Ogni anno – infatti – almeno 8 milioni di tonnellate di plastica entrano a far parte dell’ambiente marino. E se nelle aree oceaniche dove si concentrano i rifiuti – che formano le cosiddette “isole” – si arriva a contare anche 750.000 pezzettini di materiale plastico per chilometro quadrato, nel corso delle varie peregrinazioni in giro per il mondo della troupe, dalle Hawaii all’Artico, non si è mai riusciti a scendere sotto la soglia di 20.000 micropezzetti di plastica per chilometro quadrato. Questo significa che ormai zone davvero incontaminate dalla plastica non ce ne sono più.

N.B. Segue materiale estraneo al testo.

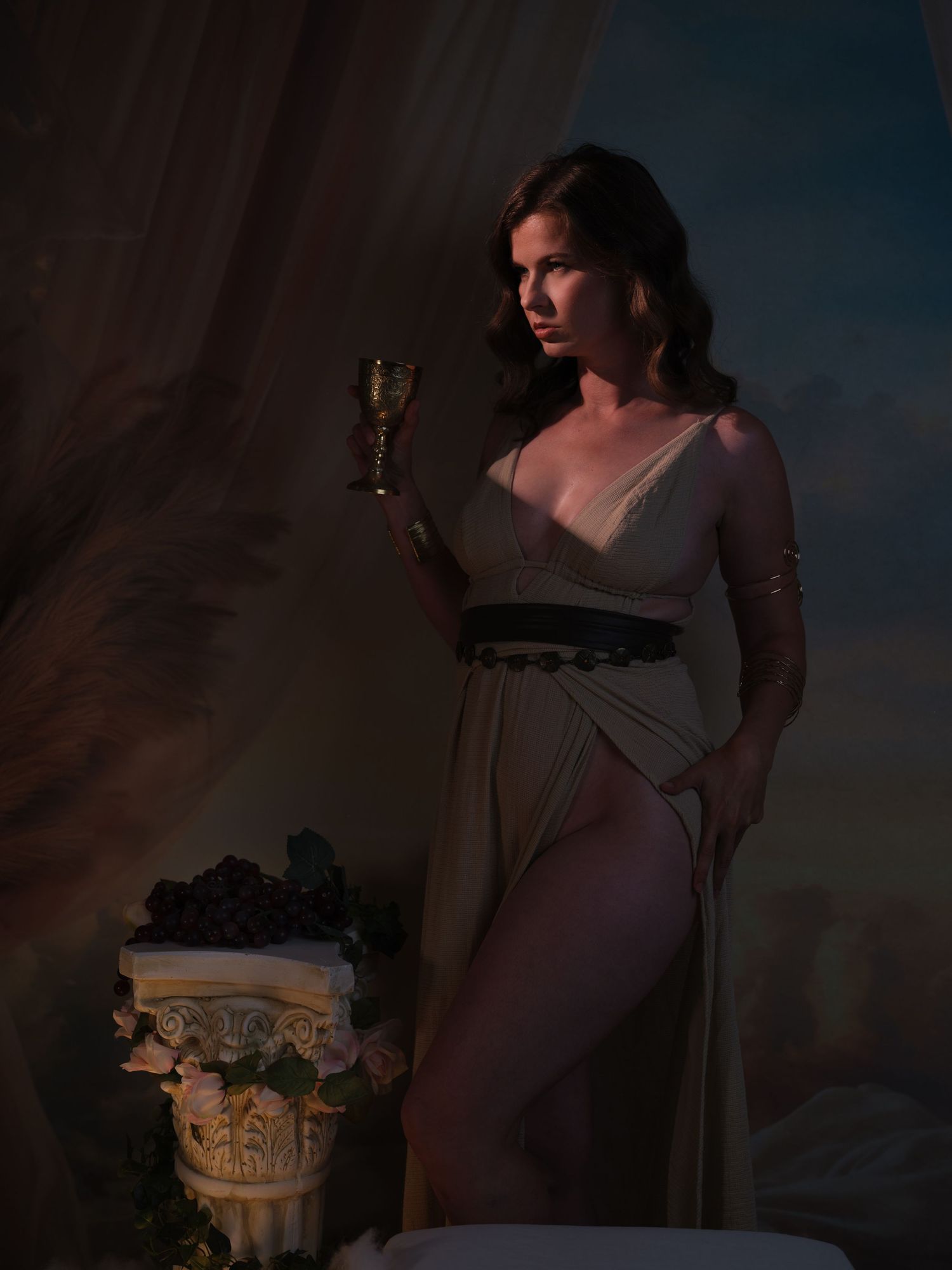 Moody boudoir portraits in vintage setting with classical architectural elements.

Questa rubrica sulla presenza dei temi dell’ambiente, della sostenibilità e dell’economia circolare sui media amerebbe tanto poter rappresentare a ogni puntata delle storie positive. Stavolta però non possiamo non stigmatizzare due decisioni prese dalla Rai nel giro di poche settimane. Decisioni sorprendenti. Anzi preoccupanti, considerando che stiamo parlando dell’emittente pubblica sostenuta (obbligatoriamente) dal canone dei cittadini, e che proprio per queste ragioni dovrebbe avere la forza di parlare di questioni (a volte) complesse come quelle dell’ambiente. Ebbene, prima si è appreso della cancellazione dal palinsesto di Rai3 di “Scala Mercalli”, il programma condotto da Luca Mercalli che nelle prime due edizioni ha trattato con grande efficacia il tema del cambiamento climatico e delle sue conseguenze. “Scala Mercalli” aveva certo sollevato polemiche. E del resto questo – informare e far discutere – è il compito dei giornalisti, a maggior ragione quando si ha l’onere e l’onore di essere l’unica trasmissione che tratta in modo specifico di quella che è riconosciuta come la principale emergenza del nostro pianeta, ovvero il climate change. Ebbene, solo qualche giorno dopo si è appreso della cancellazione dai palinsesti del Tgr di “Ambiente Italia”, condotto da Beppe Rovera. Un programma che andava in onda dal 1990, dallo stile pacato, una voce semplice e comprensibile. È questa la Rai del nuovo corso? Una televisione pubblica che cancella l’ambiente?